**Supplied data:**
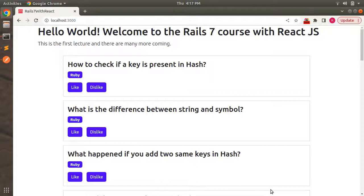Hey guys, welcome back. In the last lecture we created an API endpoint in the Rails app to update the likes and dislike count, and tested this API using Postman. Now in this lecture we will be sending the API call from the React component to Rails.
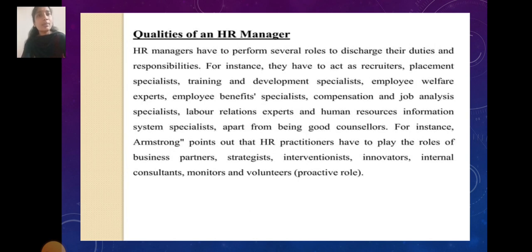Qualities of an HRD: HR managers have to perform several roles to discharge their duties and responsibilities. For instance, they have to act as recruiters, placement specialists, training and development specialists, employee welfare experts, employee benefits specialists, compensation and job analysis specialists, labor relations experts, human resource information systems specialists, apart from being good counselors.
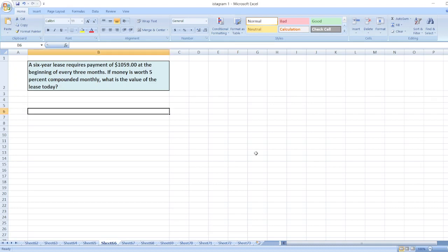Hey guys, the question is: a 6-year lease requires payment of $1,059 at the beginning of every three months. If money is worth 5% compounded monthly, what is the value of the lease today? First, we will calculate the quarterly interest rate.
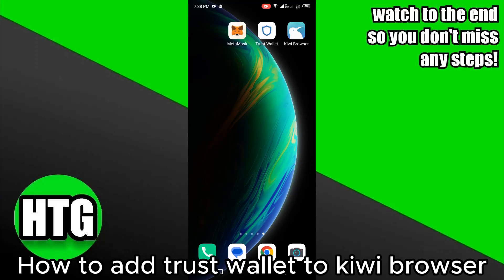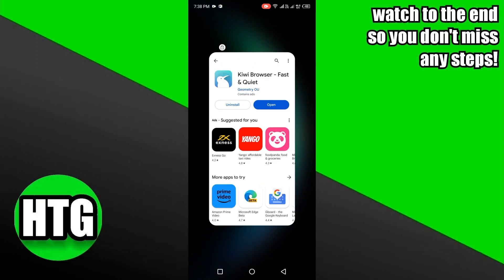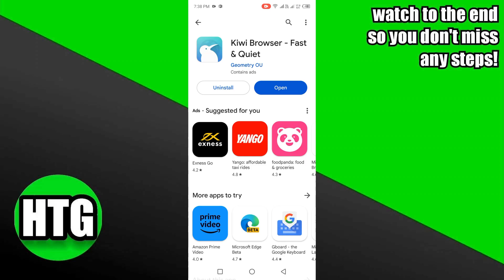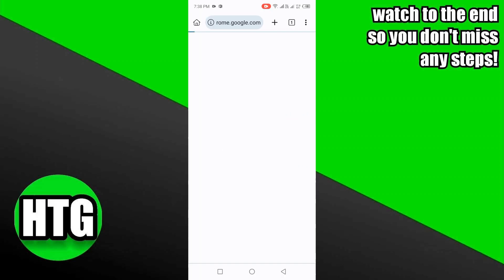Adding Trust Wallet to Kiwi Browser is very easy to do. Today I am going to show you how to do it. First, what you need to do is download Kiwi Browser from the Play Store or App Store. I have already downloaded it from the Play Store, so I will just open it.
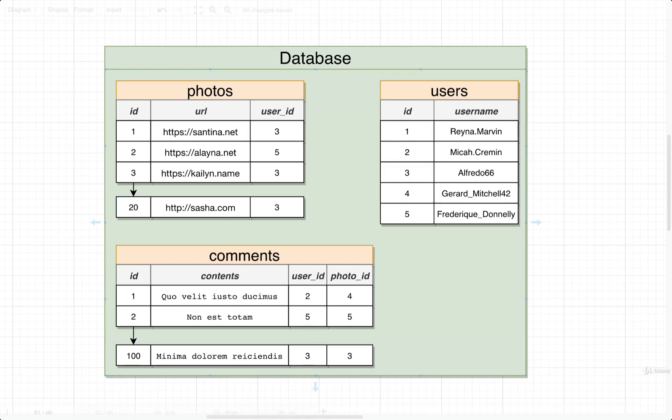With all the queries we've worked through in this course so far, we've always been trying to pull out just a set of rows — essentially the exact information, more or less, that we threw into the database.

**What you are asked to do:** Omit every image. Quote each record exactly.

**Exercise result:**
Hey guys, welcome back. In the last lecture we created an API endpoint in the Rails app to update the likes and dislike count, and tested this API using Postman. Now in this lecture we will be sending the API call from the React component to Rails.
Qualities of an HRD: HR managers have to perform several roles to discharge their duties and responsibilities. For instance, they have to act as recruiters, placement specialists, training and development specialists, employee welfare experts, employee benefits specialists, compensation and job analysis specialists, labor relations experts, human resource information systems specialists, apart from being good counselors.
Hey guys, the question is: a 6-year lease requires payment of $1,059 at the beginning of every three months. If money is worth 5% compounded monthly, what is the value of the lease today? First, we will calculate the quarterly interest rate.
Adding Trust Wallet to Kiwi Browser is very easy to do. Today I am going to show you how to do it. First, what you need to do is download Kiwi Browser from the Play Store or App Store. I have already downloaded it from the Play Store, so I will just open it.
With all the queries we've worked through in this course so far, we've always been trying to pull out just a set of rows — essentially the exact information, more or less, that we threw into the database.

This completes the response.